If your code is using functions classified under BLAS, LAPACK, FFT or other Function Domains supported by Intel Math Kernel Library (MKL), it is recommended to use MKL library functions in your code since MKL is tuned for performance on KNL nodes. In order to use MKL libraries, load the intel-mkl/16.0.3.210 module and link with MKL libraries. Intel MKL Link Line Advisor can help to get the compiler and linker options.

Preparing PBS Job Script

The KNL nodes are accessible via the PBS "knl" queue. Jobs need to request a multiple of 64 cpus (a full KNL node). To request a single KNL node with a certain amount of memory (say 64GB), the following PBS job script would be required:

#!/bin/bash
#PBS -q knl
#PBS -l ncpus=64
#PBS -l other=hyperthread
#PBS -l mem=64GB
#PBS -l wd
... # Other PBS resource requests
 
PATH_TO_EXECUTABLE > output_file

Note the "-l other=hyperthread" option. This ensures the job runs on all hyperthreads of the KNL node, i.e. would effectively use 4 x 64 = 256 threads in this case. Without this option, the job would only use the physical thread of each core and would therefore run 64 threads only. For many applications we noticed a better performance when oversubscribing using hyperthreading.

In order to request more than one KNL node, specify a multiple of 64 cores. For example, if 4 nodes are required, specify "#PBS -l ncpus=256" in the above script. 

Available Software

As stated above, code running on normal Raijin compute nodes should run directly on the KNL nodes. However, for better performance a few commonly used applications have been rebuilt for these nodes. 

NAMD (2.11)

  • namd2-knl (openmpi)

          Using hyperthreading:

#PBS -l ncpus=64
#PBS -l other=hyperthread
...
module load namd/2.11
mpirun -np 256 --report-bindings --oversubscribe --map-by hwthread namd2-knl input > output
  • namd2-node-knl (openmp)

          Using hyperthreading:

#PBS -l ncpus=64
#PBS -l other=hyperthread
...
export OMP_NUM_THREADS=256
module load namd/2.11
namd2-node-knl +p 256 input > output

Quantum Espresso (5.4.0-knl)

module load espresso/5.4.0-knl
mpirun pw.x -input input > output 

VASP (5.4.1)

  • vasp_std-knl
  • vasp_gam-knl
  • vasp_ncl-knl
moduel load vasp/5.4.1
mpirun -np $PBS_NCPUS vasp_executable > vasp.out

Gromacs (5.1.3-knl)

  • gmx
  • gmx_mpi
module load gromacs/5.1.3-knl
mpirun gmx_mpi mdrun ...

Benchmark Results

        

       

NAMD: Problem size (1M atoms, STMV)

  • NAMD 2.11 + openmpi/1.10.0
  • One KNL node with openmpi + hyperthreading is 1.36x speedup compared with a Raijin compute node.

Quantum Espresso

  • Only PWSCF (Plane-Wave Self-Consistent Field) is available for now.
  • One KNL node is 1.48x speedup compared with a Raijin compute node.
  • Do not use hyperthread as it runs slower than without hyperthreading.

VASP

  • One KNL node is 3.79x speedup compared with one Raijin compute node.
  • VASP has hyper-scaling characteristic.
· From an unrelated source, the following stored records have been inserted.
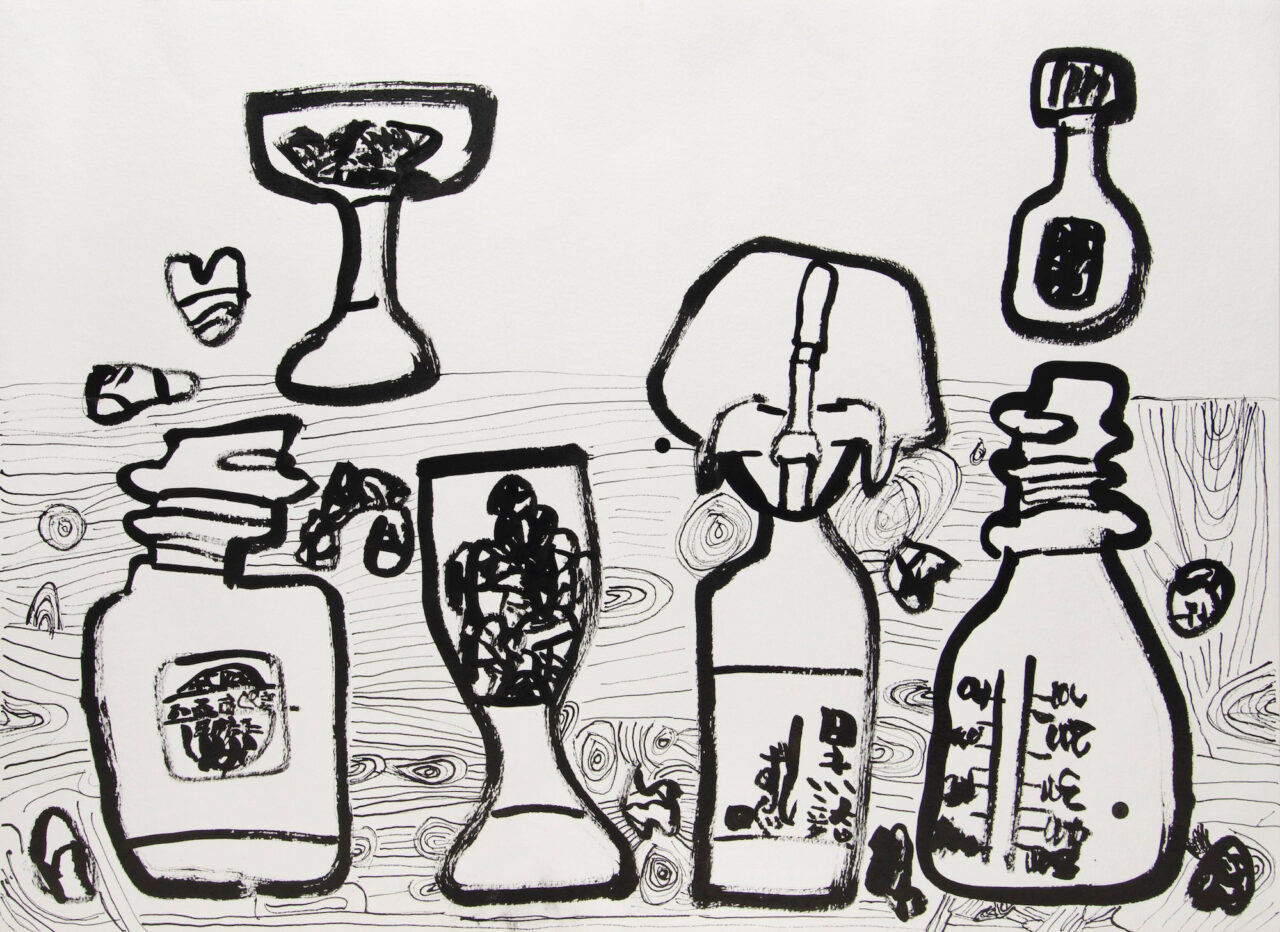 Bottles and roses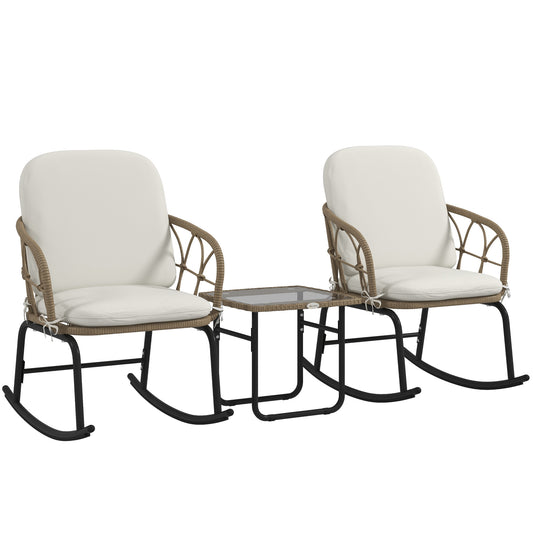 Conjunto De Mecedoras Outsunny Pe, Acero Crema Y Beige 63x82x75 Cm_0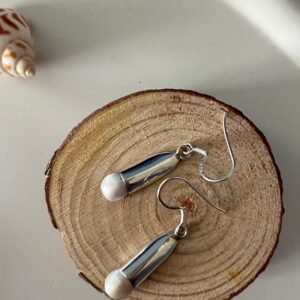 Teardrop Pearl Danglers - 925 Silver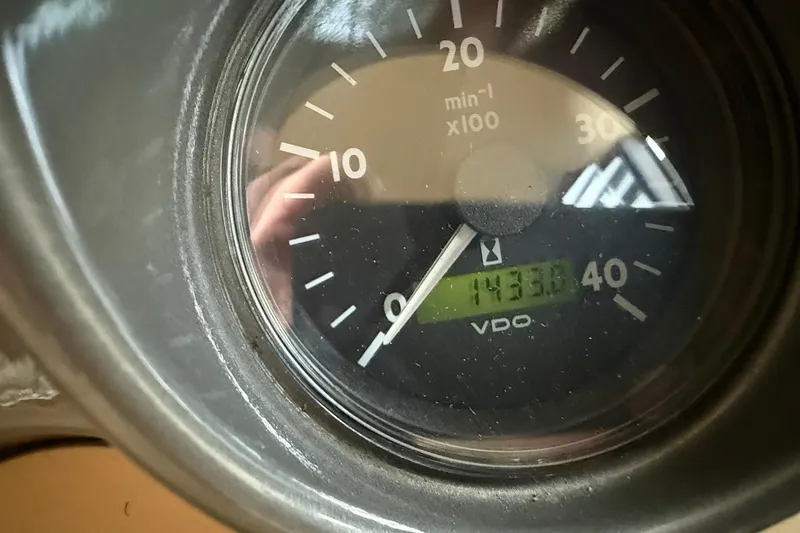 Slide: The Image of Close-up of a VDO tachometer on a 2006 Azimut 50 yacht. - 12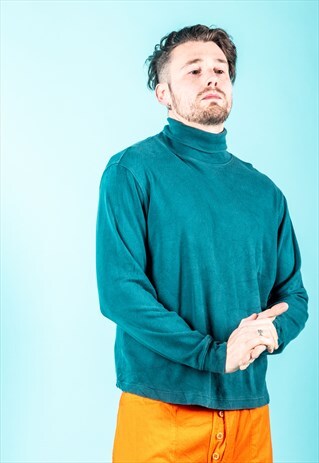 VINTAGE TURTLE NECK JUMPER IN GREEN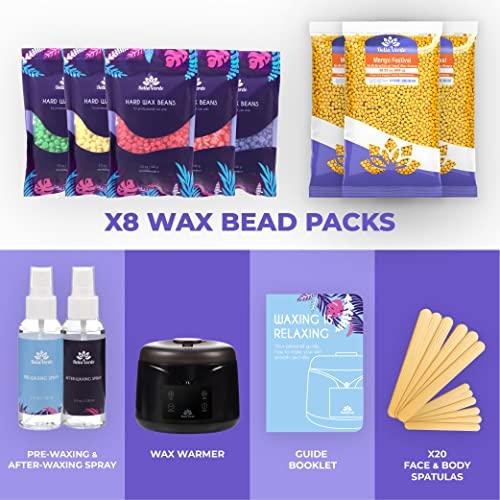 Bella Verde Bella Verde Wax Warmer Home Waxing Kit - Wax Kit for Hair Removal Wax Pot Professional with LED Display and 8 Bags Painless Hard Wax Beans, 20 Wax Sticks for Face, Legs, Arms, Bikini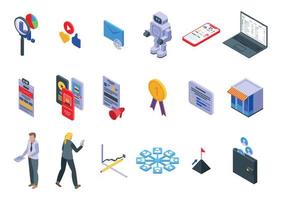 Online marketing icons set, isometric style vector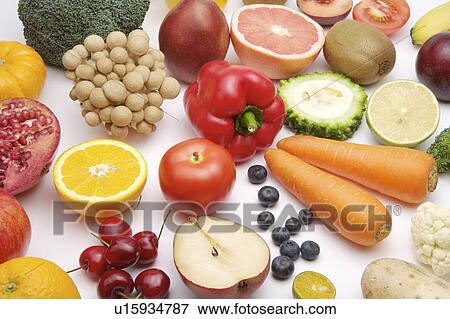 Stock Photo - Close-up of different kinds of fruits and vegetables. Fotosearch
Performance of 4 Raijin nodes (64 CPUs) with MPI is 5.75x speedup compared with 1 Raijin node. 4 Raijin nodes is 1.51x speed up compared with 1 KNL node which also has 64 CPUs, however, 4 Raijin nodes costs 4 times that of 1 KNL node (64 SUs per hour vs 16 SUs per hour).
  • The value of NCORE should also be tuned to get the best performance.
  • Do not use hyperthread as it runs slower than without hyperthreading.

Gromacs

  • One KNL node is 1.39x speedup compared with one Raijin compute node.
  • The tests were run without hypertheading.

Optimizing Code for KNL - Vectorization 

There are certain considerations to be taken into account before running legacy codes on KNL nodes. Primarily, the effective use of vector instructions is critical to achieving good performance on KNL cores. For guideline of how to get vectorization information and improve code vectorization, refer to How to Improve Code Vectorization.